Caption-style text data
++++++++++++++++++++
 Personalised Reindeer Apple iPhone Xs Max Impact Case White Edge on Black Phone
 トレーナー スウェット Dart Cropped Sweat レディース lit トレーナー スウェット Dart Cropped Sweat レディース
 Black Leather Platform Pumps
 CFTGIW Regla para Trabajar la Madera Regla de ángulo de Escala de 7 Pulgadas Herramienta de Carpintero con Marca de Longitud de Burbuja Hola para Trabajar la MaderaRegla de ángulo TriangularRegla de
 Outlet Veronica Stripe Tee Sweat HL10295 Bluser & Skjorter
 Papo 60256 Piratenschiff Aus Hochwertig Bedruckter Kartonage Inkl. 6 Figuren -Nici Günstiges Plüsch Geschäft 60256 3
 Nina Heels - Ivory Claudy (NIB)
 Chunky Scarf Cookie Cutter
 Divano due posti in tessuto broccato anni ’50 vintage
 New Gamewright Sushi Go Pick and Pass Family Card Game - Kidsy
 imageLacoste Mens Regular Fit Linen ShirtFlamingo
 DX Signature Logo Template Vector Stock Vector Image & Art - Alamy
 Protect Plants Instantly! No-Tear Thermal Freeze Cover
++++++++++++++++++++
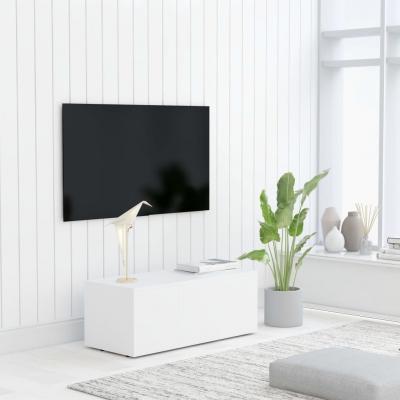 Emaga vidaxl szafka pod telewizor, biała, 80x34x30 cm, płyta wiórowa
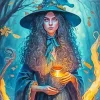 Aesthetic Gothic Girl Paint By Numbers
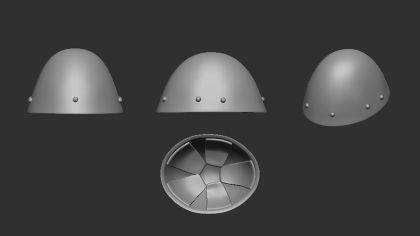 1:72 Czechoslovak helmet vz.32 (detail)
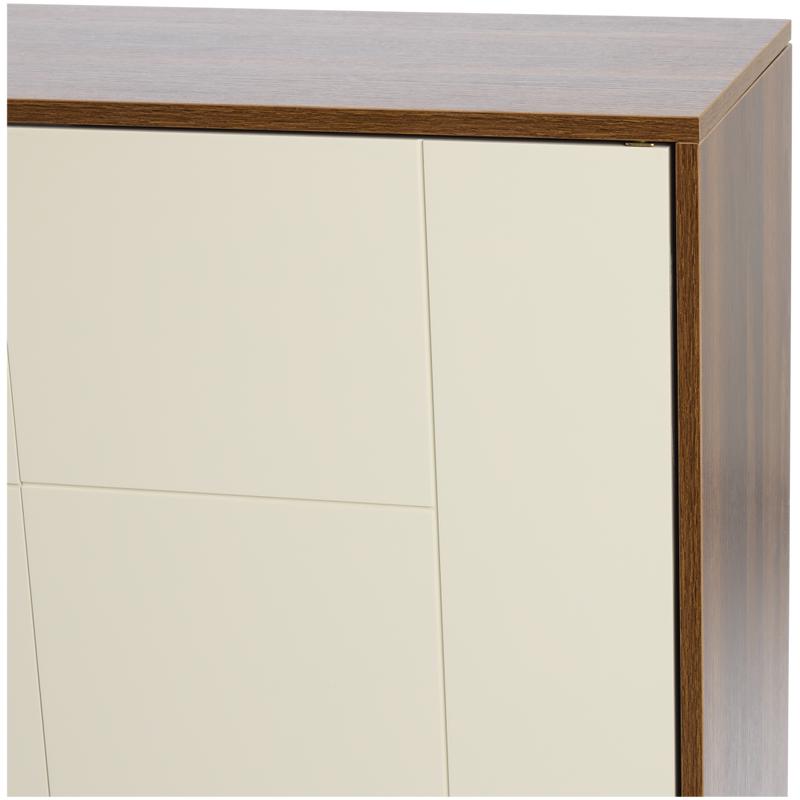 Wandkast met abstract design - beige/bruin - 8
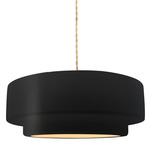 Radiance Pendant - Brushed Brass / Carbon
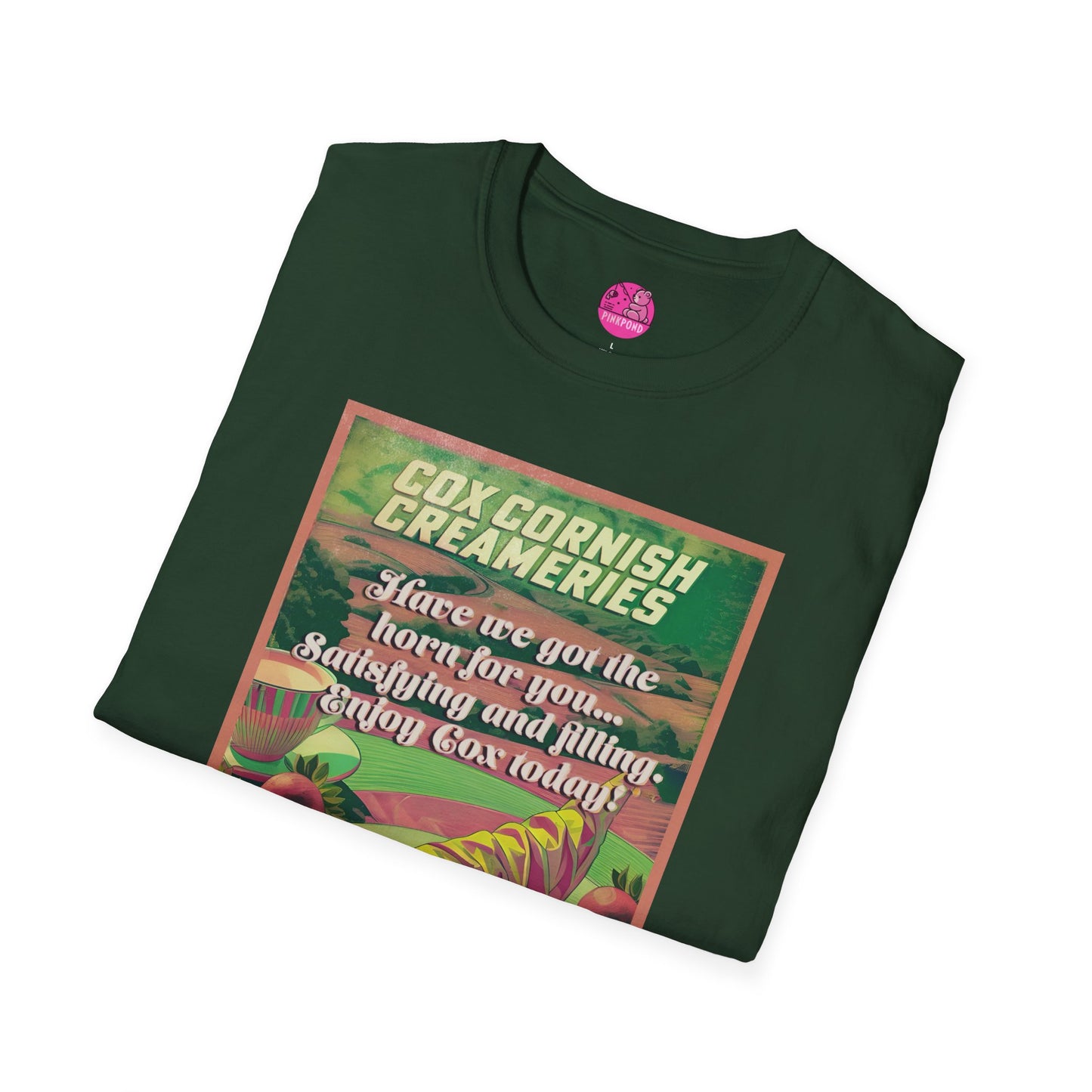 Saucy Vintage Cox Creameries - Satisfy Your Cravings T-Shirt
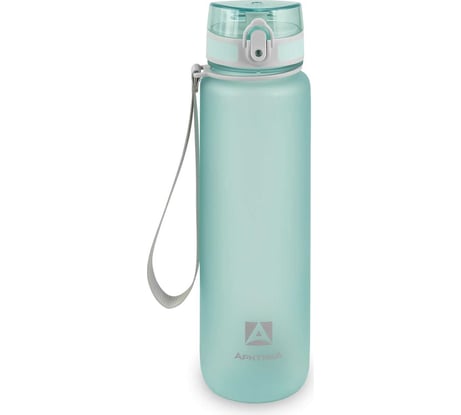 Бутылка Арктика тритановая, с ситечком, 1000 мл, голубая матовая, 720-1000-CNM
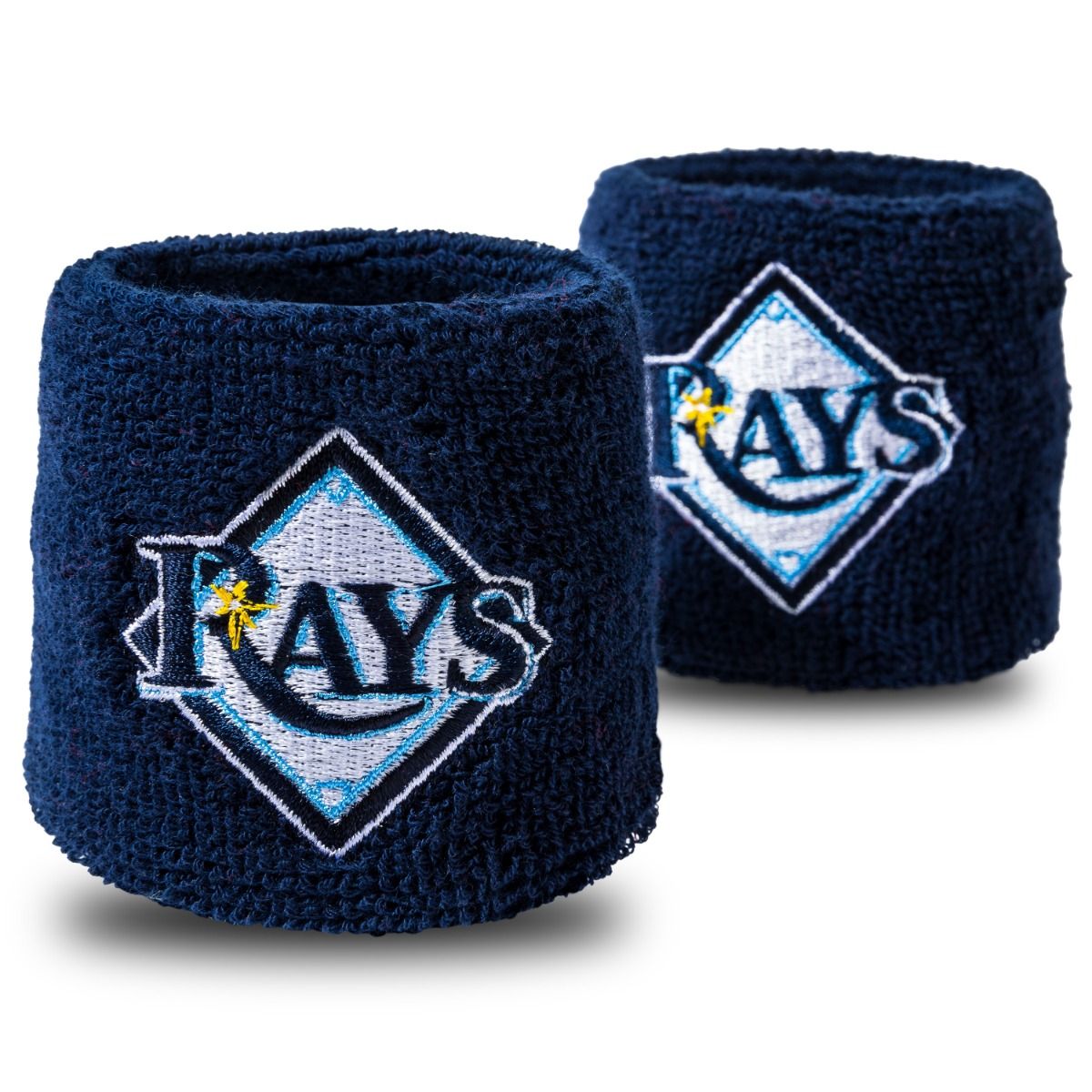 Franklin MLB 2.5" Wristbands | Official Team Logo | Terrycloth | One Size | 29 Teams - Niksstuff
++++++++++++++++++++
Task directions: All that is wanted is the lines above between the one containing "Aesthetic Gothic Girl Paint By Numbers" and the one containing "Teams - Niksstuff", inclusive, restated word for word, with pictures omitted.

Answer to this problem:
 Aesthetic Gothic Girl Paint By Numbers
 1:72 Czechoslovak helmet vz.32 (detail)
 Wandkast met abstract design - beige/bruin - 8
 Radiance Pendant - Brushed Brass / Carbon
 Saucy Vintage Cox Creameries - Satisfy Your Cravings T-Shirt
 Бутылка Арктика тритановая, с ситечком, 1000 мл, голубая матовая, 720-1000-CNM
 Franklin MLB 2.5" Wristbands | Official Team Logo | Terrycloth | One Size | 29 Teams - Niksstuff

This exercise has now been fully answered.